14ymedio bigger14ymedio, Havana, 18 February 2024 — The former prisoner of the Black Spring and Cuban activist, Juan Carlos Herrera Acosta, died this Saturday of a massive heart attack at the age of 57, in the city of Syracuse, in the state of New York, United States. During his exile, the independent journalist maintained an intense activism against the Island’s regime.

Herrera Acosta, who in April 2003 was sentenced to 20 years in prison for his opposition to the Cuban regime, spent seven years and seven months in prison. During his stay in the Cubasí prison in Holguín and in the Combinado of Guantánamo, the dissident, who was also a reporter for the Eastern Free Press Agency, was subjected to severe punishment.

In August 2008, Herrera Acosta sewed his mouth shut in the Cubasí penitentiary center and remained in that condition for 12 days in protest against the violations of his human rights. Twenty opponents protested in Holguín in support of the prisoner; among them was Orlando Zapata Tamayo, who would die two years later after a long hunger strike.

In August 2008, Herrera Acosta sewed his mouth shut his mouth in the Cubasí penitentiary center and remained in that condition for 12 days in protest of the violations of his human rights

That same year, Herrera Acosta was transferred from the Cubasí prison to the Combinado of Guantánamo. “They brought me closer to my province, but they took me away from my family. What I have suffered is not enough for them,” he said when he learned of his imminent imprisonment in the prison known as “a den of terror.”

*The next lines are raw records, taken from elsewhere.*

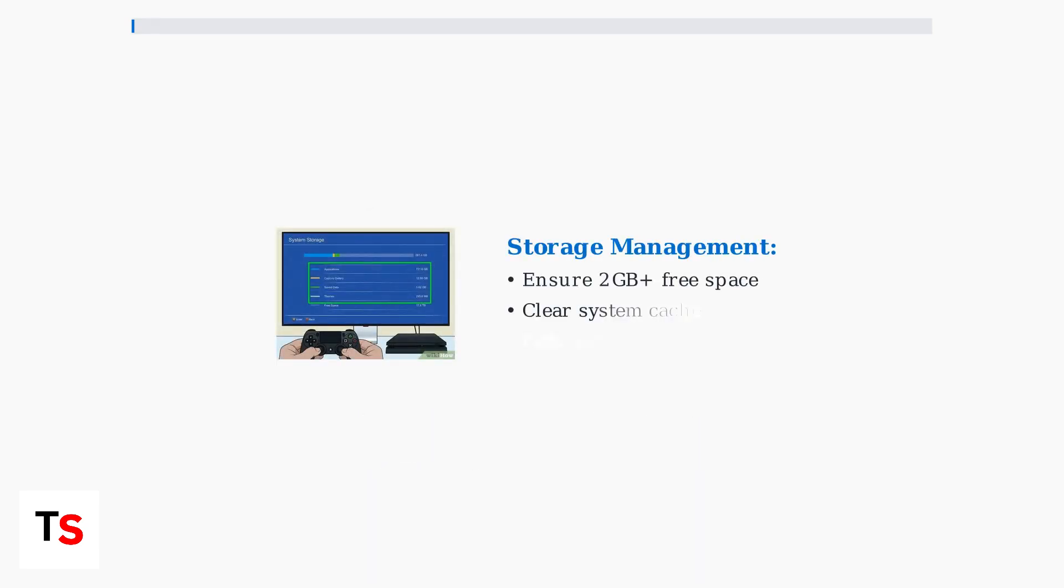Storage management is equally important. Ensure you have at least 2 gigabytes of free space before starting any update. Clear your system cache through settings, system, storage to free up additional space.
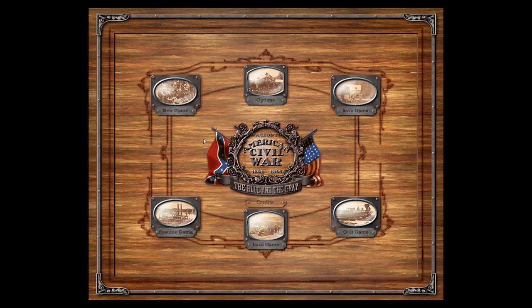Hi folks! Welcome to a Let's Play for AGEOD's Civil War game. This is my first Let's Play. I have no idea what I'm doing, but I've enjoyed playing this game for about six months and saw that on YouTube there wasn't anybody who posted one of these. So I thought I would go ahead and throw one on there for posterity in case anybody wants to watch it. There's a lot to go over — it's a very complicated game — so let's just dive in and I'll do the best I can.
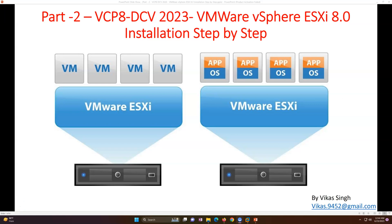Hi friends, welcome to my channel and today this is a part two video of VCP8 Data Center Virtualization 2023. The first video was an introduction where we went through all the documentation of Data Center Virtualization 2023. I took you through the modules, basically what modules we are going to cover in this training. So let's get started and this is going to be a straightforward VMware vSphere ESXi 8 installation step by step.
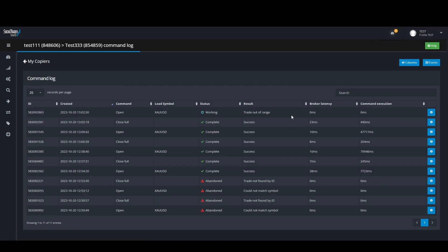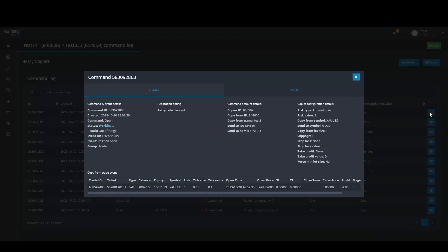The fourth error is when the copier log is reporting a working status with the result being the trade is out of range. This means your slippage value is too low and therefore could not open the trade. If you click on the command events button of that entry, you will see it is still working which means it will continue to try and open that trade until it falls into your slippage range.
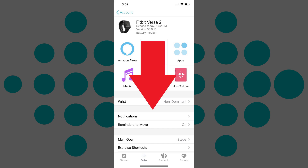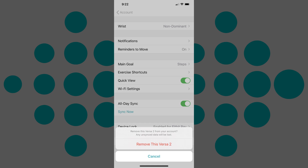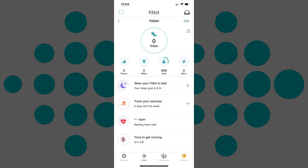Step 4. Scroll down to the bottom of this screen until you see the Remove This option toward the bottom of the screen. Tap the Remove This button. A dialog box appears asking if you're sure you want to remove this device. Tap Remove This again. You'll be returned to the Today screen.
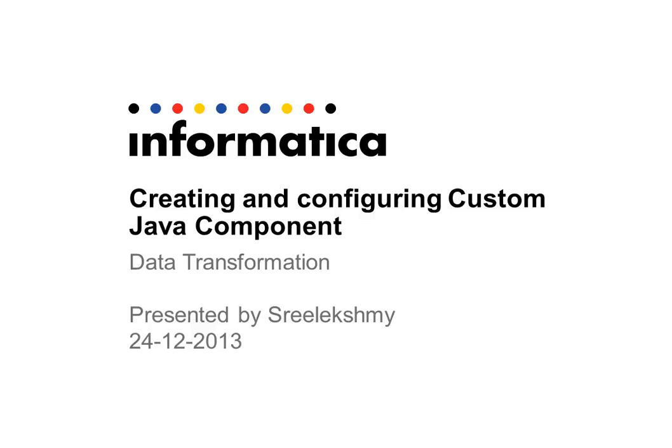Hi, I am Sri Lakshmi from Informatica Technical Support and here I am going to present on how we can create and configure a custom Java component in DT.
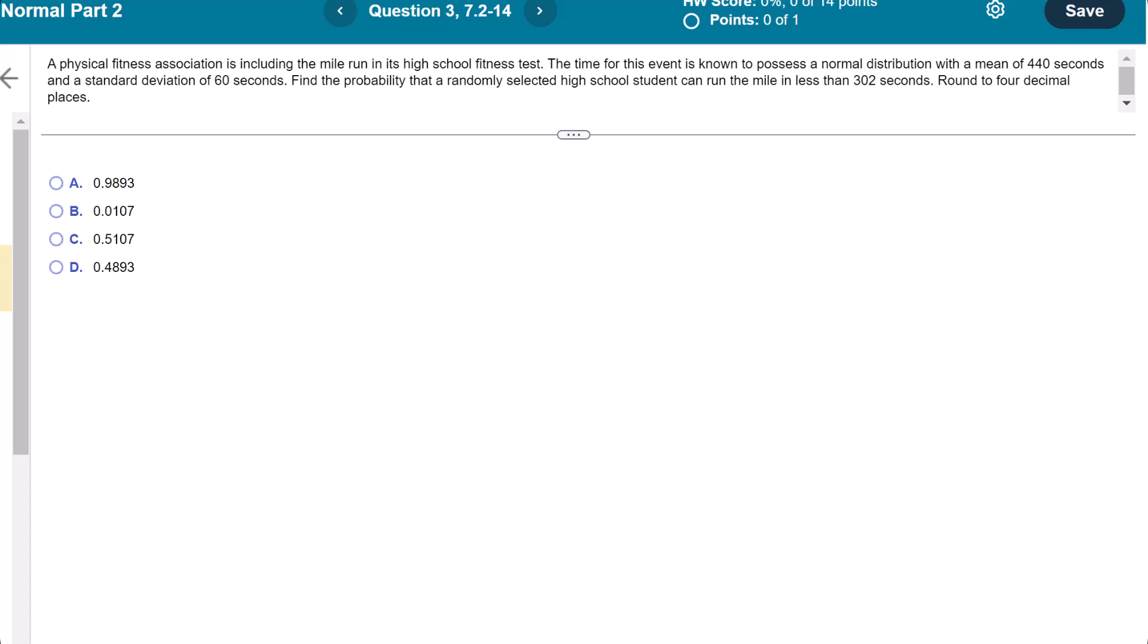A physical fitness association is including the mile run in its high school fitness test. The time for this event is known to possess a normal distribution with a mean of 440 seconds and a standard deviation of 60 seconds. Find the probability that a randomly selected high school student can run the mile in less than 302 seconds, rounded to four decimal places.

While in prison, the independent journalist suffered a family tragedy. On March 12, 2008, a bus traveling from Havana to Guantánamo was in an accident, and his only daughter, Lianet Herrera Disco, 14, lost her life, along with her mother, Elizabeth Disco Tito, 31, and her sister Elianet González Disco, 2 years old.

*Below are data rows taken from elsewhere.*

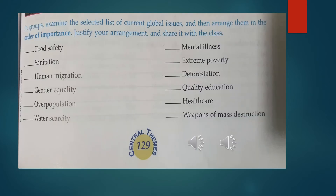The following are some examples of current global issues in addition to the ones we mentioned previously. Examine the selected list of current global issues and then arrange them in order of importance — from the most important to the least important. Take some time to read these current global issues and arrange them before we discuss the answers.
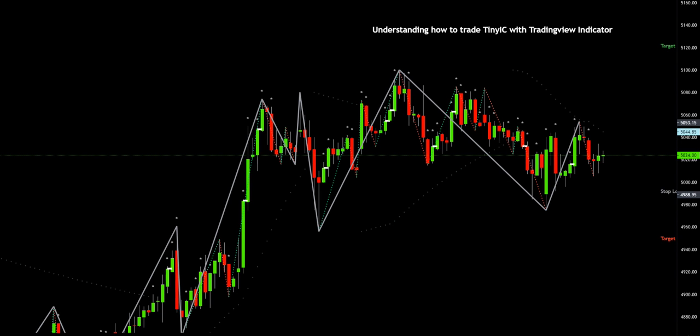Let's get started with the video. This is the Tiny IC indicator on TradingView, which has been recently launched, and as you can see there are various markings on it.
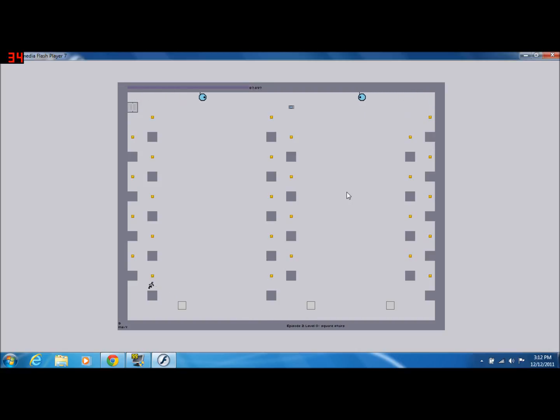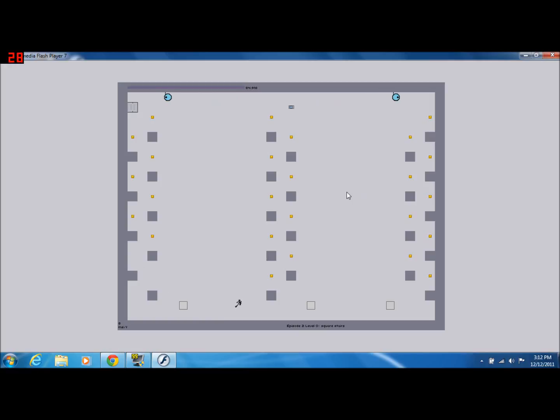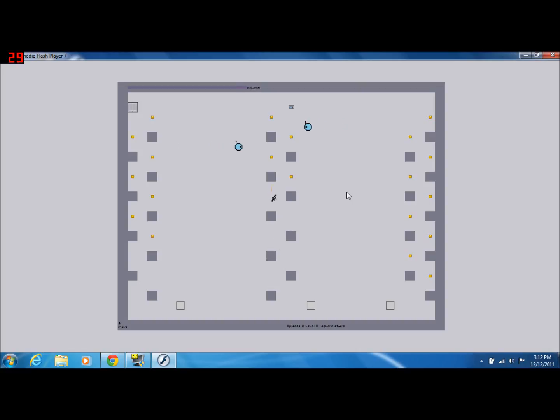So we gotta hit that button way up top there. Whoops, getting some lag. Gotta hit that button way up there. Why am I doing it over there? Let's do it on this side. I'm losing a lot of time.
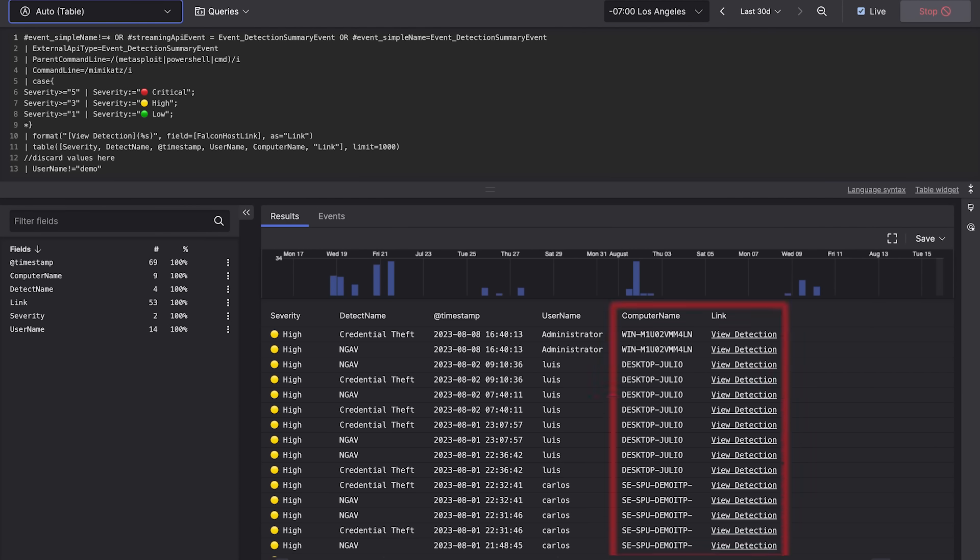From there you can rapidly search across your endpoint, cloud, and identity data to understand how the adversary gained initial access.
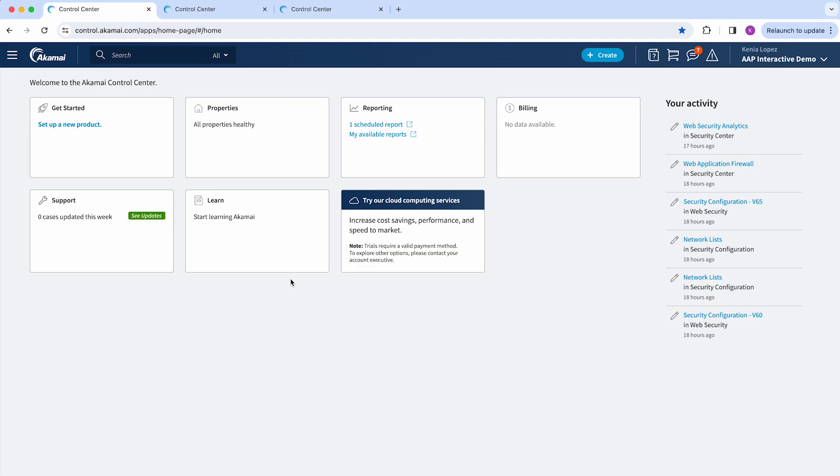Hi, thanks for joining me. Today I will show a quick overview of App and API Protector, where everything is located and how you can manage this product.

It would not be until August 19, 2010 that Herrara Acosta was able to leave prison and go into exile in Madrid after a negotiation among the Cuban regime, the Catholic Church and the Spanish Government. On that occasion, dozens of Black Spring prisoners and their families left the Island, in the middle of an operation that some classified as a “forced banishment.”

“I consider myself still a prisoner, because there are still many of my friends in Cuban prisons,” Herrera Acosta told the Committee for the Protection of Journalists on that occasion.

A year after his exile he settled in the United States and continued his activism for the freedom of Cuba. In May 2022, Herrera Acosta confronted Dangel, a defender of the Cuban regime who called himself “100% Fidel” on social networks and also lived in Syracuse. Acosta told Cubanet that the sympathizer of the Cuban regime had  “denounced the political prisoners and the Ladies in White*.”

This Saturday, after the activist’s death was known, several former prisoners of the Black Spring expressed their sorrow on social media and sent their condolences to the family. Among them was the Cuban dissident Pablo Pacheco Ávila, who defined him as a brother of the 75 opponents who were convicted in 2003.

This Saturday, after the death of the activist was known, several former prisoners of the Black Spring expressed their sorrow on social media and sent their condolences to the family

“It is with deep sorrow that I learned about the death of my friend and brother Juan Carlos Herrera Acosta, a brave man who dedicated his life to the struggle for freedom and human rights in Cuba,” the former political prisoner, Normando Hernández, told Martí Noticias.

“His departure leaves an indelible void in our hearts,” he added.  Hernández is the director of the Cuban Institute for Freedom of Expression and Press. Several colleagues recalled that Herrera Acosta maintained his denunciations of the Cuban dictatorship and the allied authoritarian regimes of Havana until the end of his days.

Just this Friday, a few hours before he passed away, he had accused Russian President Vladimir Putin of the death in prison of the opponent Alexei Navalny. “The world is witnessing the emergence of a new Stalin and a new Hitler,” Herrera Acosta warned in a video published on YouTube.

*Translator’s note: The Ladies in White — which demonstrates regularly for human rights — was started by the wives of the Black Spring prisoners, and continues its activities to this day.